■ What you will do ■
Your output should be the lines below from the one with "QR Code for" through the one with "FORD KUGA AWD", copied exactly, pictures excluded.

Captioned web image data:
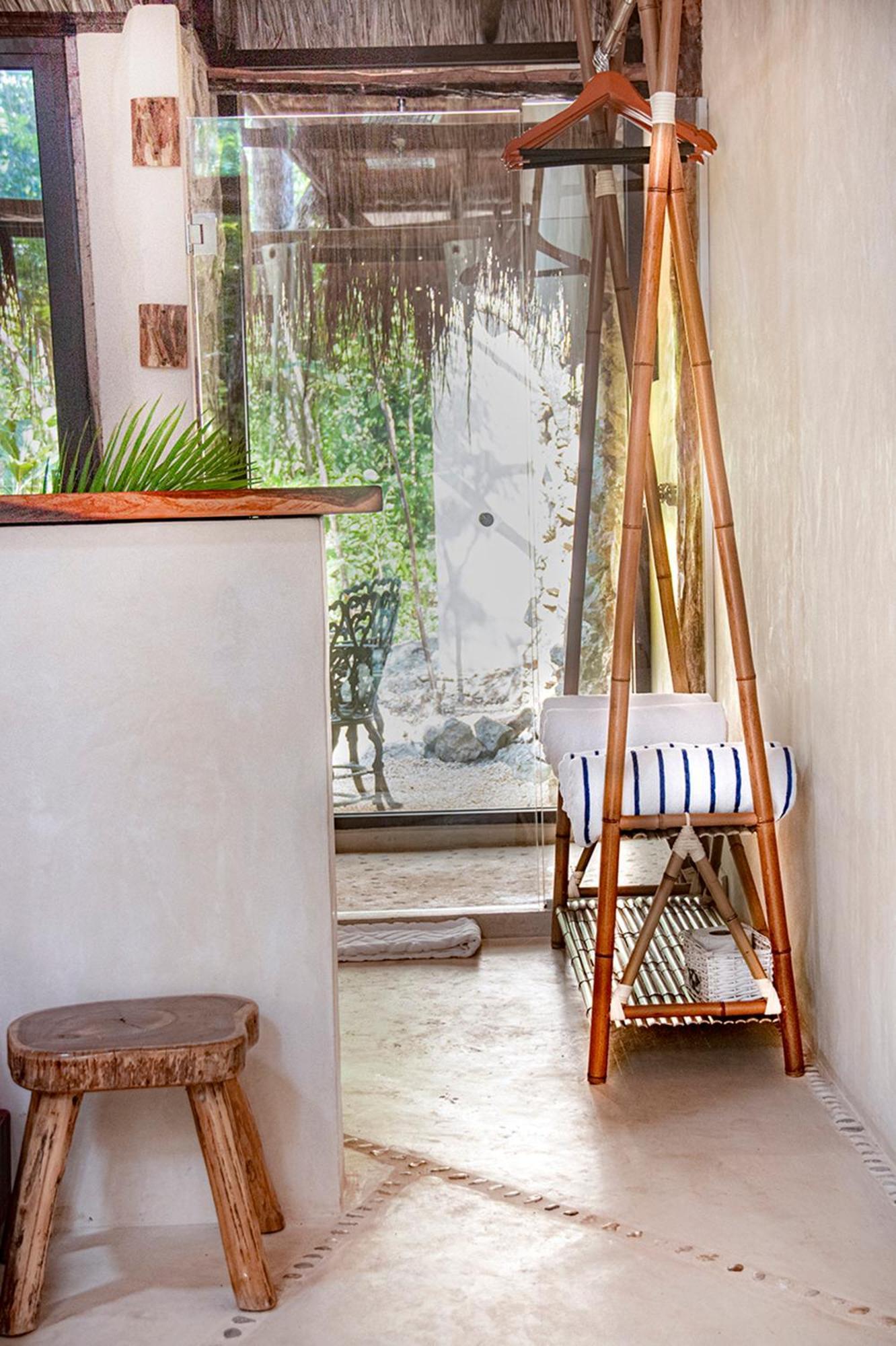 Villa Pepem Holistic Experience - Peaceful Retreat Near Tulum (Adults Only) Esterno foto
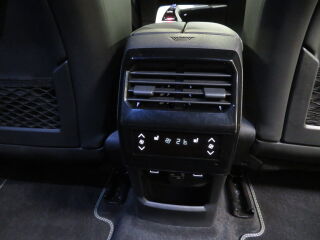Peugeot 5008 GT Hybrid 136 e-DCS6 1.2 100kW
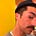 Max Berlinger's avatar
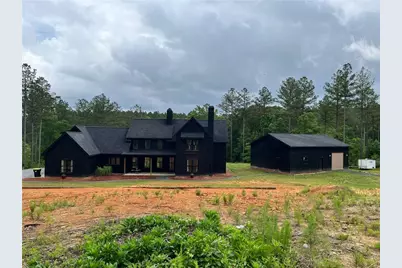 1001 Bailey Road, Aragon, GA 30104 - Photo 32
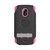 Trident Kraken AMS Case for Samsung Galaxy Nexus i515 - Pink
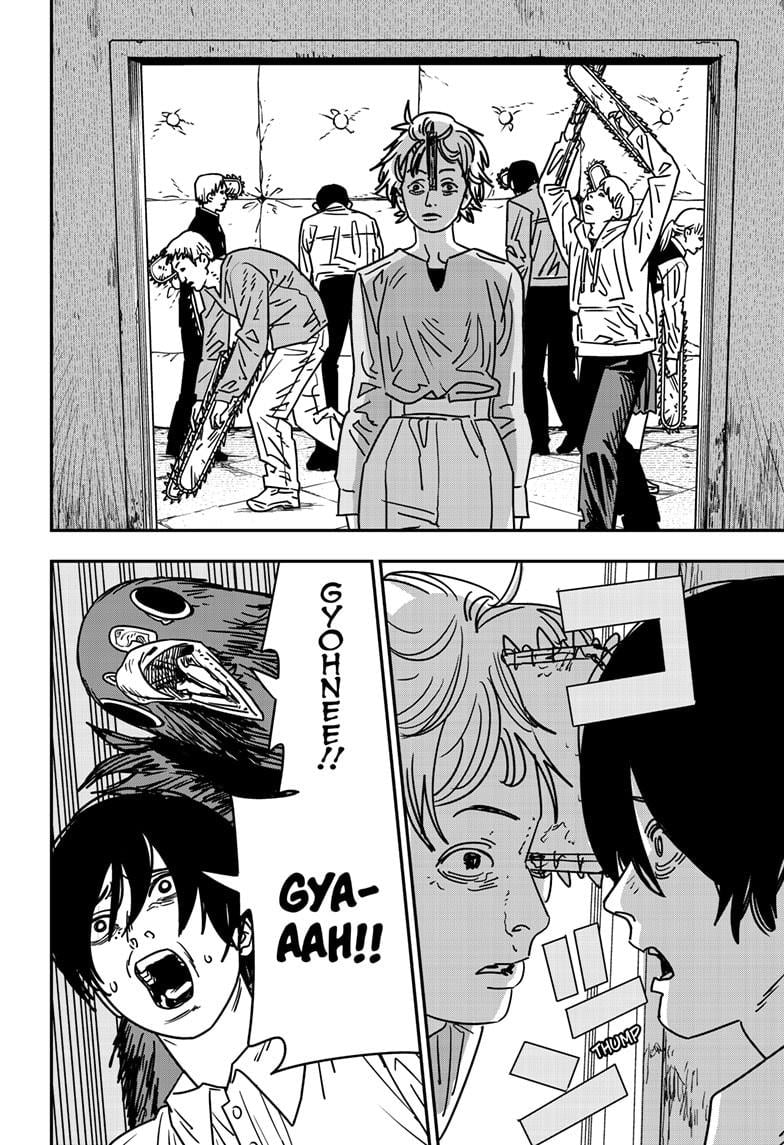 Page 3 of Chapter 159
==
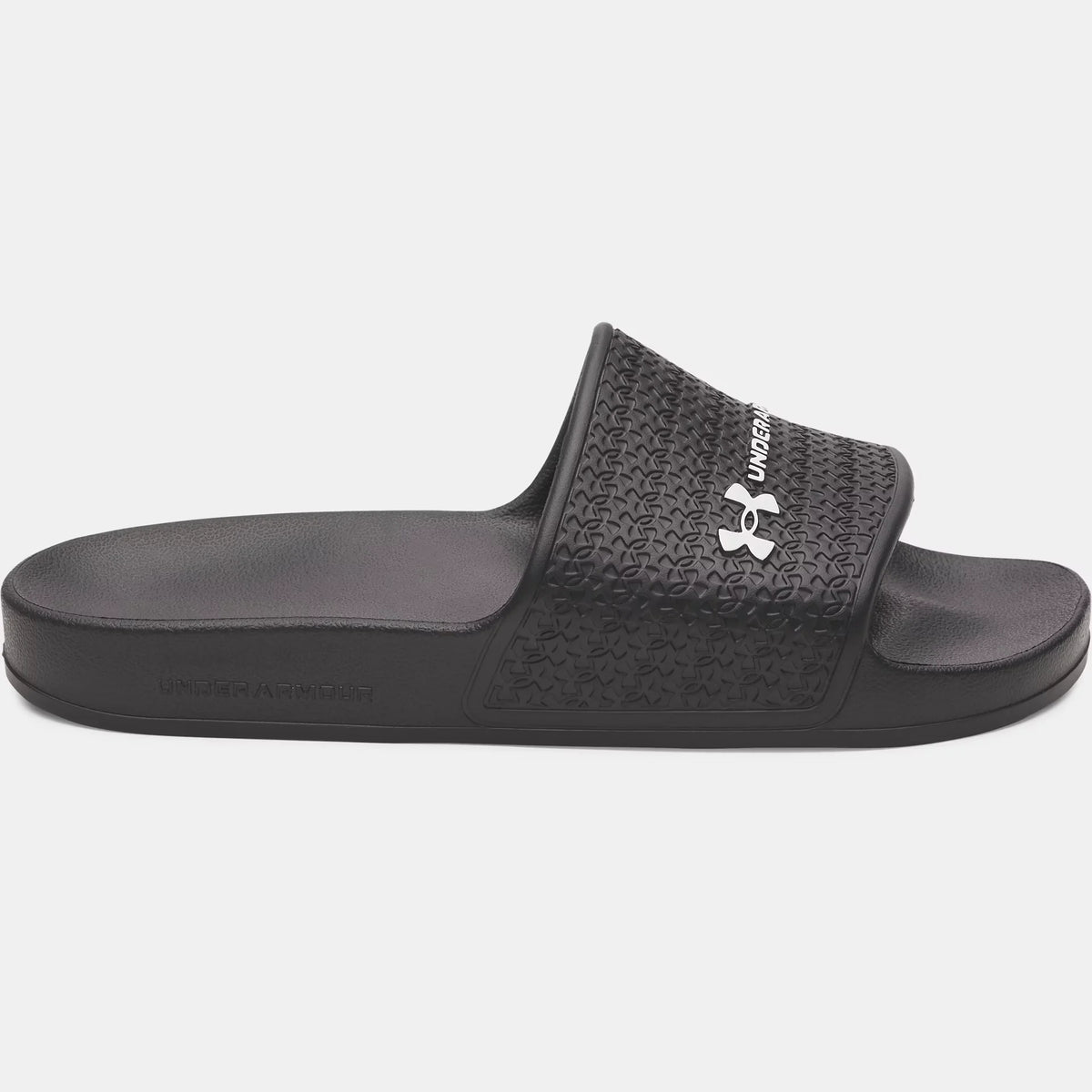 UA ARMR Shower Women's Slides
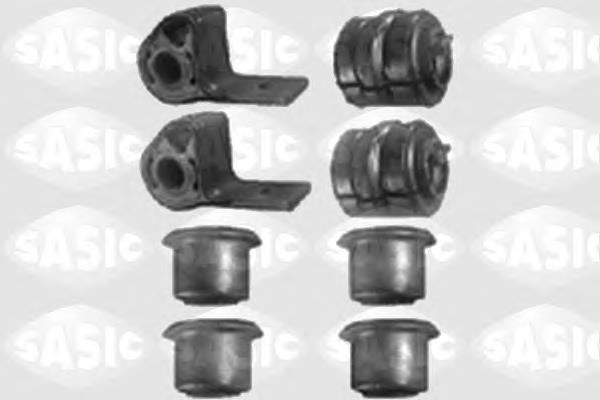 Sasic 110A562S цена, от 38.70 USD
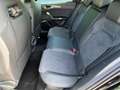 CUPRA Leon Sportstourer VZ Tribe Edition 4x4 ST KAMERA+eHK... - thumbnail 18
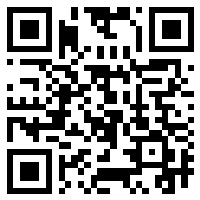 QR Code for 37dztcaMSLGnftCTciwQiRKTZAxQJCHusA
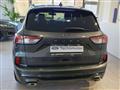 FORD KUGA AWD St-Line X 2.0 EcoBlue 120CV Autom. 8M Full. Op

■ Reply to the exercise ■
 QR Code for 37dztcaMSLGnftCTciwQiRKTZAxQJCHusA
 FORD KUGA AWD St-Line X 2.0 EcoBlue 120CV Autom. 8M Full. Op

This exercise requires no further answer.